Los Detroit Pistons dejaron aún más atrás su pasado a costa de hurgar en el de James Harden. Con su intenso y desagradable baloncesto de rascar y correr, de perseguir y persistir, el equipo que no hace tanto era el hazmerreír de la NBA volvió a golpear anoche a los Cleveland Cavaliers (107-97), destapando las vergüenzas de Harden para poner el 2-0 en esta serie de Semifinales de Conferencia.

El ilustre base de 36 años quedó abochornado con unos ínfimos 10 puntos con unos 3/13 en tiros de campo y un 0/4 en triples, registrando más pérdidas (4) que asistencias (3) para ser, de largo, el peor de su equipo con un -15. En un guión calcado al del Game 1, los Cavs se desmoronaron en unos últimos cinco minutos a los que llegaron sólo 94-91 tras un partido dominado por Detroit con rentas estrechas. Para más inri, la ‘Barba’ se quedó a 0 puntos en el último cuarto. 
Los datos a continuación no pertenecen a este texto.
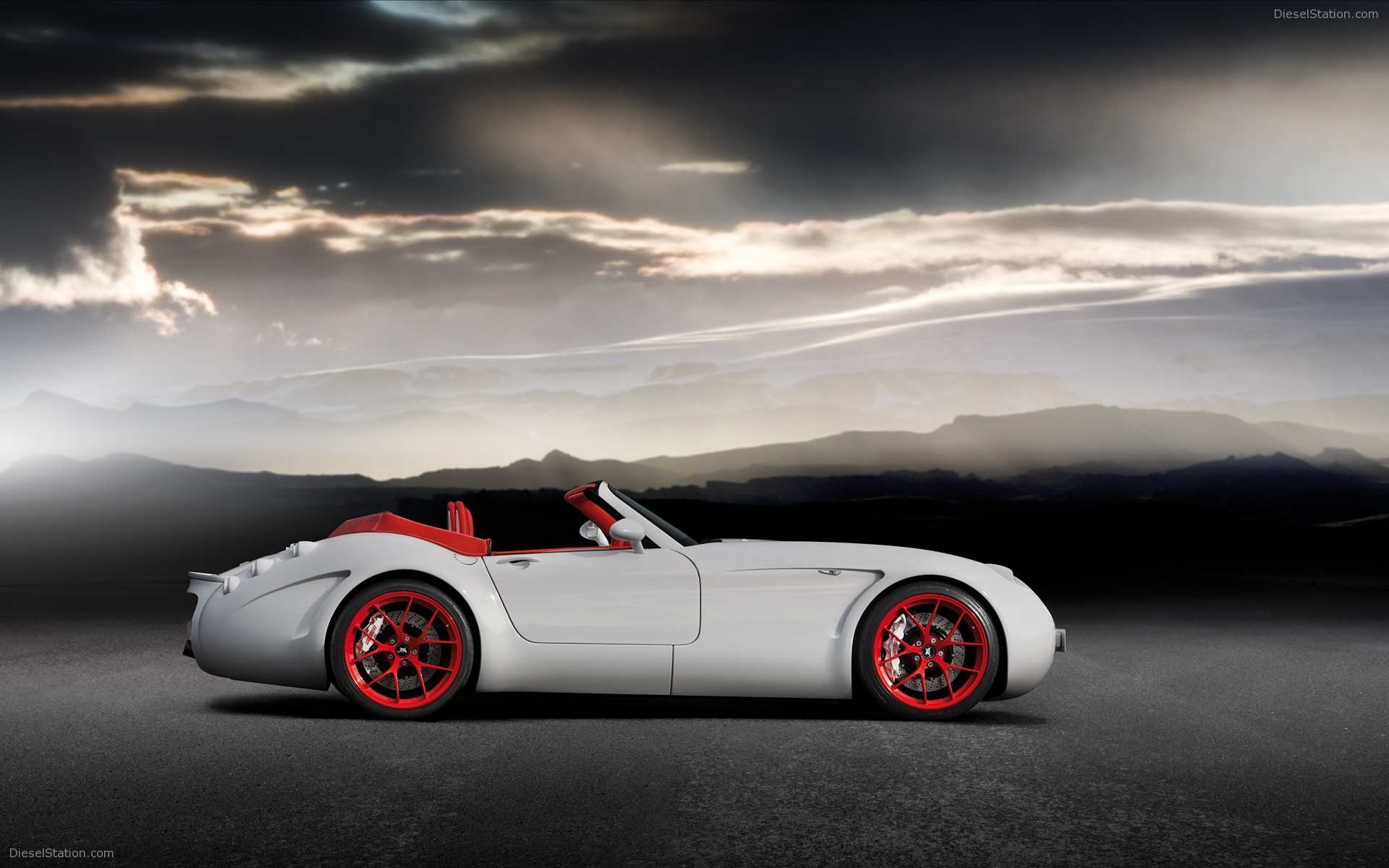 Wiesmann Roadster MF5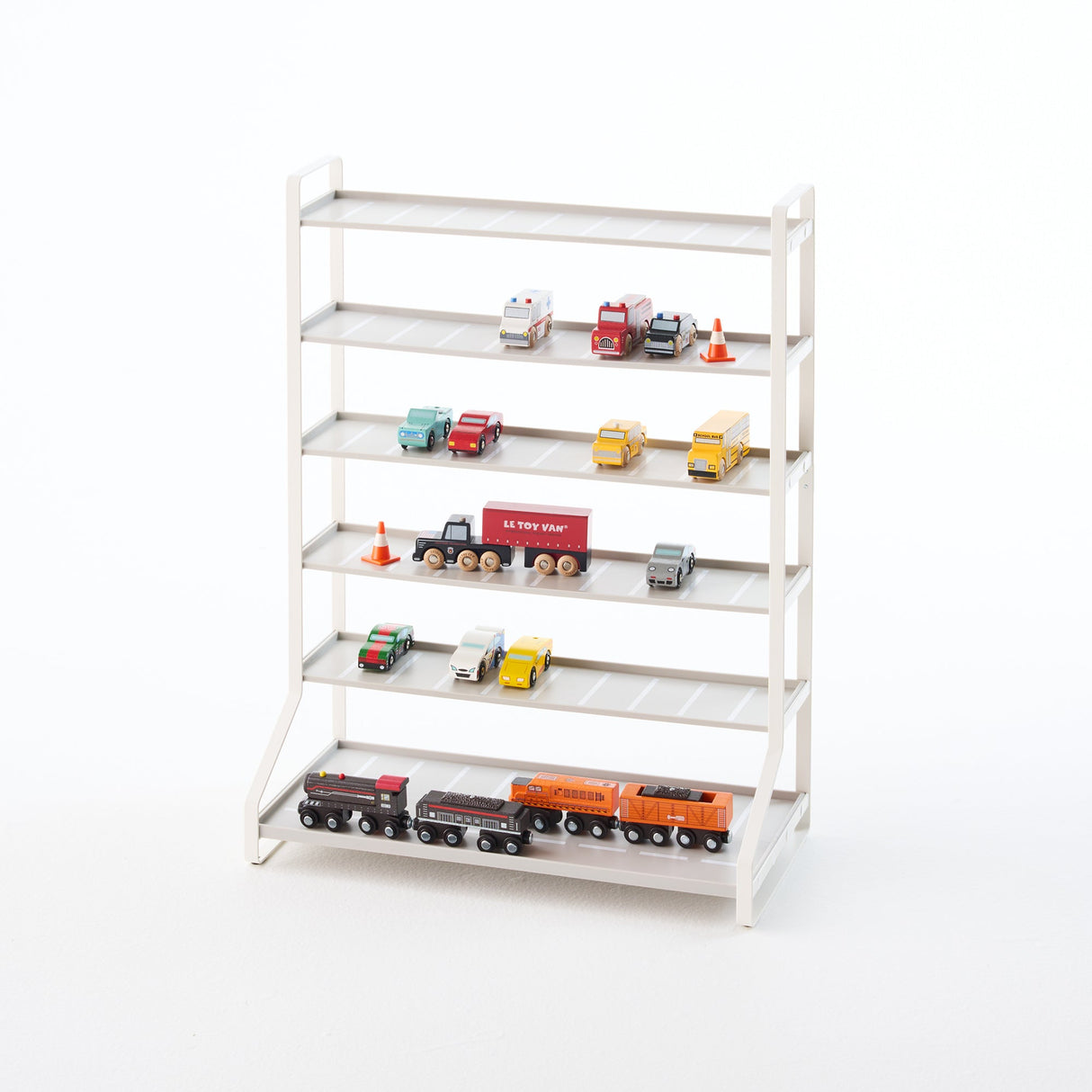 Kids' Parking Garage - Steel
El sonrojo de Harden fue aún mayor si miraba hacia su homólogo en los Pistons, un Cade Cunningham que en contraste exhibió su esencia de estrella con su enésimo recital en estos playoffs con 25 puntos, 3 rebotes y 10 asistencias con un 7/14 en tiros de campo y un 3/6 en triples. Para hacer aún más odiosa la comparación para la ‘Barba’, el número 1 del draft de 2021 acabó como el mejor de su equipo también en términos de impacto con un +13.

Tobias Harris ejerció de nuevo como un veterano de garantías con 21 puntos, como garantía desde el banquillo es Daniss Jenkins con 14 tantos para el base no drafteado.

Donovan Mitchell, otro que tal en los playoffs, estuvo por una vez más que a la altura de la ocasión con 31 puntos y Jarrett Allen aportó 22, insuficiente en cualquier caso para arreglar el estropicio de James Harden.

Quizá los Cavaliers no sabían dónde se estaban metiendo cuando traspasaron por la ‘Barba’ en febrero, firmando una especie de pacto con el diablo al traer a un galáctico en la teoría, un astro nada en lo práctico con su conocido y extenso historial de fallar en los playoffs.

Harden no disputa unas Finales de Conferencia desde las de 2018 con los Rockets, llevando a nada a ninguno de los varios equipos en los que ha estado desde entonces en su búsqueda desesperada del anillo, Nets, Sixers, Clippers y ahora Cavaliers.

La ‘Barba’ ya ofreció preocupantes síntomas de debilidad ante los Toronto Raptors en primera ronda, sufriendo lo indecible para pasar una eliminatoria a siete partidos ante un equipo con una defensa muy física. Ahora ante un equipo aún mejor defensivamente como Detroit, James Harden simplemente está sucumbiendo.

Estrella que brilla en temporada regular y se apaga en los playoffs, o le da un giro dramático de guión a su relato en los playoffs o le quedará ya colgado para siempre el sambenito de leyenda a medias.